Stored records:
-- Opening Marker --

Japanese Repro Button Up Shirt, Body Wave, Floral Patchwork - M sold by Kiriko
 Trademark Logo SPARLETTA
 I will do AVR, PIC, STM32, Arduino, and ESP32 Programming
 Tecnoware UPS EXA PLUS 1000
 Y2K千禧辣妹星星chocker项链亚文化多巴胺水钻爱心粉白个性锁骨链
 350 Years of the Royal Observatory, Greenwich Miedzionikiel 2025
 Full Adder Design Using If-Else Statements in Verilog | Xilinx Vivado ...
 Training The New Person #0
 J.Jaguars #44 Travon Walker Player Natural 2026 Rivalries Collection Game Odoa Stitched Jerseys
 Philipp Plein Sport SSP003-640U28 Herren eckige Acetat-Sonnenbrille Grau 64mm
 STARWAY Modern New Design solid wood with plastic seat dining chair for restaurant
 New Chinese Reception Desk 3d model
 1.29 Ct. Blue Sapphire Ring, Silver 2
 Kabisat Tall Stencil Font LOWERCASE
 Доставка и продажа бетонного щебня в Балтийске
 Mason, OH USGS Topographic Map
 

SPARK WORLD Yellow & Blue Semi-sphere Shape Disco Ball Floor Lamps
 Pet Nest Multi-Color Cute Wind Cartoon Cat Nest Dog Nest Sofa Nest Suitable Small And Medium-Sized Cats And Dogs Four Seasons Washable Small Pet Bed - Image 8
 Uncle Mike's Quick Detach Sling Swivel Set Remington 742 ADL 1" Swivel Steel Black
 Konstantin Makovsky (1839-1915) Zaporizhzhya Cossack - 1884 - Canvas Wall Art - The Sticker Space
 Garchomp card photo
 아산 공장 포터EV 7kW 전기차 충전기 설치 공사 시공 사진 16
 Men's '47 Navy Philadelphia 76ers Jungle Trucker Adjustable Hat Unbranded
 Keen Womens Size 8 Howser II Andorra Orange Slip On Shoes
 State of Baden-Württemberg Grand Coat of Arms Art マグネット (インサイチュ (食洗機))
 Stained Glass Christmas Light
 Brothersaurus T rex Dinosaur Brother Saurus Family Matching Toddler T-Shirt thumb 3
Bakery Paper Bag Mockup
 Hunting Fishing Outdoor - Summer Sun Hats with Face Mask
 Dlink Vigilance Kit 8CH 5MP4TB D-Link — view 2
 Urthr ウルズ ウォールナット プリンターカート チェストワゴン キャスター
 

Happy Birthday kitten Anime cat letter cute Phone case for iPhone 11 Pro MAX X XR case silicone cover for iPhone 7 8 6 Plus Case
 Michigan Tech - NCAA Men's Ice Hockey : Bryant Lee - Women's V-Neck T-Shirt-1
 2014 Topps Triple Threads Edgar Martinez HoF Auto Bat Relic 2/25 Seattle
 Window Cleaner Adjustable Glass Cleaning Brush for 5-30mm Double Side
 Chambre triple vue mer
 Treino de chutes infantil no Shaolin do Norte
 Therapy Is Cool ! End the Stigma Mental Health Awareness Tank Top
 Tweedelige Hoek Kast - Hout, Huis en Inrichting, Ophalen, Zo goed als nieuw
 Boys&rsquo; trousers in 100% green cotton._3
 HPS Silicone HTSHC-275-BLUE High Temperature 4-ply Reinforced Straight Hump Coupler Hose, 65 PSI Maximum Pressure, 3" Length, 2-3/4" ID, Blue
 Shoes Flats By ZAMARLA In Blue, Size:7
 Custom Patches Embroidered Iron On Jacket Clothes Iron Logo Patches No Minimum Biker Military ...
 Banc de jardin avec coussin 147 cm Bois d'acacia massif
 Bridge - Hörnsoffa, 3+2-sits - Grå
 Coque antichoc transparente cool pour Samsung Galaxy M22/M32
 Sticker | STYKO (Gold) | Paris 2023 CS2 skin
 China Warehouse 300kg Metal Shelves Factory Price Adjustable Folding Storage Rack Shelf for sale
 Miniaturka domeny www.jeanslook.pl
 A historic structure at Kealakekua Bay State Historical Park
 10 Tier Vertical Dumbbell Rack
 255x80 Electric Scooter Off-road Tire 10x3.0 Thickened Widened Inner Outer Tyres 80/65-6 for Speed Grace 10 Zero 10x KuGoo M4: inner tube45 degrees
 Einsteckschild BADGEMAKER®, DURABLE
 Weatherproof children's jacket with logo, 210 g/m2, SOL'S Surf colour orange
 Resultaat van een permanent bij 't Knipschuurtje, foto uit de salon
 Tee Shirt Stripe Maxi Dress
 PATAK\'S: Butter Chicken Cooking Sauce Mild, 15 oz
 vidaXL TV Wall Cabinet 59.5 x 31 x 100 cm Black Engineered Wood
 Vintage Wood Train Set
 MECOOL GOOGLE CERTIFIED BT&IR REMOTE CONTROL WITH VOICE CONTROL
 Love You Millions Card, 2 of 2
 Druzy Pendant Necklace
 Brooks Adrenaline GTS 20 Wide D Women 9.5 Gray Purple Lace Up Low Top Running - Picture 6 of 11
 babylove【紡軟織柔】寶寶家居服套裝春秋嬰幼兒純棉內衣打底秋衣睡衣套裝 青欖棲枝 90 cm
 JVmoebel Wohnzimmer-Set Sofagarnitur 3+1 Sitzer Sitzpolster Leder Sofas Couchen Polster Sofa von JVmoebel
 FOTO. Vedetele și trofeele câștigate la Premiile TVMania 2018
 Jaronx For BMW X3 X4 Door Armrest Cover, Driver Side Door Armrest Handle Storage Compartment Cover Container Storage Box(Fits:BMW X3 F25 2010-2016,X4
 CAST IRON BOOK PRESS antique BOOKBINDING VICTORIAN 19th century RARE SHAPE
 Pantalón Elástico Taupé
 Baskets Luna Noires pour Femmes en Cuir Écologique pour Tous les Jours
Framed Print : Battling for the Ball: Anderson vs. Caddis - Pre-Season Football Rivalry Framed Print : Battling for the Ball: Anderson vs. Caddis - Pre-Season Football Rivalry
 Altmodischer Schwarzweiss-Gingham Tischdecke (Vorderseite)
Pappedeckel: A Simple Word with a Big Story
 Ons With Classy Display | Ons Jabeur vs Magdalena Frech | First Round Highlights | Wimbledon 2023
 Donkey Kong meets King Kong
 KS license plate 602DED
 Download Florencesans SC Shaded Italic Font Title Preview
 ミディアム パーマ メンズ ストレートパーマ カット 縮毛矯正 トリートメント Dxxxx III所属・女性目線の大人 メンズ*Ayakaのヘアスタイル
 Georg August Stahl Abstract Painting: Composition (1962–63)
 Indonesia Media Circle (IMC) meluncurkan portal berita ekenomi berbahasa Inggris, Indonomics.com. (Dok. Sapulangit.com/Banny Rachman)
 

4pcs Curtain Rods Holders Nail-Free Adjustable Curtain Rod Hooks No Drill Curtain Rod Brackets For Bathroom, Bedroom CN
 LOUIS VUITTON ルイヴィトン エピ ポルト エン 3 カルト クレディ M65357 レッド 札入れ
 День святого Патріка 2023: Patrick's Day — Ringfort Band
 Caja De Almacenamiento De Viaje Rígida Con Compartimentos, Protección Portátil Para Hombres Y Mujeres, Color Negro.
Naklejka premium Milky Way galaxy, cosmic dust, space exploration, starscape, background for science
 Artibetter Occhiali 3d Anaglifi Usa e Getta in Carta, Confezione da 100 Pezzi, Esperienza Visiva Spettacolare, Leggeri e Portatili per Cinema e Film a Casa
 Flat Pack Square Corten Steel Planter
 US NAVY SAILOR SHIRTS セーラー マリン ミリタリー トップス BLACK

-- Closing Marker --

◆ Problem details
Exact copies of the lines from the start of the data up to the line holding "아산 공장 포터EV 7kW 전기차 충전기 설치 공사 시공 사진 16", both included, are all that is needed.

◆ Solution to this task
Japanese Repro Button Up Shirt, Body Wave, Floral Patchwork - M sold by Kiriko
 Trademark Logo SPARLETTA
 I will do AVR, PIC, STM32, Arduino, and ESP32 Programming
 Tecnoware UPS EXA PLUS 1000
 Y2K千禧辣妹星星chocker项链亚文化多巴胺水钻爱心粉白个性锁骨链
 350 Years of the Royal Observatory, Greenwich Miedzionikiel 2025
 Full Adder Design Using If-Else Statements in Verilog | Xilinx Vivado ...
 Training The New Person #0
 J.Jaguars #44 Travon Walker Player Natural 2026 Rivalries Collection Game Odoa Stitched Jerseys
 Philipp Plein Sport SSP003-640U28 Herren eckige Acetat-Sonnenbrille Grau 64mm
 STARWAY Modern New Design solid wood with plastic seat dining chair for restaurant
 New Chinese Reception Desk 3d model
 1.29 Ct. Blue Sapphire Ring, Silver 2
 Kabisat Tall Stencil Font LOWERCASE
 Доставка и продажа бетонного щебня в Балтийске
 Mason, OH USGS Topographic Map
 

SPARK WORLD Yellow & Blue Semi-sphere Shape Disco Ball Floor Lamps
 Pet Nest Multi-Color Cute Wind Cartoon Cat Nest Dog Nest Sofa Nest Suitable Small And Medium-Sized Cats And Dogs Four Seasons Washable Small Pet Bed - Image 8
 Uncle Mike's Quick Detach Sling Swivel Set Remington 742 ADL 1" Swivel Steel Black
 Konstantin Makovsky (1839-1915) Zaporizhzhya Cossack - 1884 - Canvas Wall Art - The Sticker Space
 Garchomp card photo
 아산 공장 포터EV 7kW 전기차 충전기 설치 공사 시공 사진 16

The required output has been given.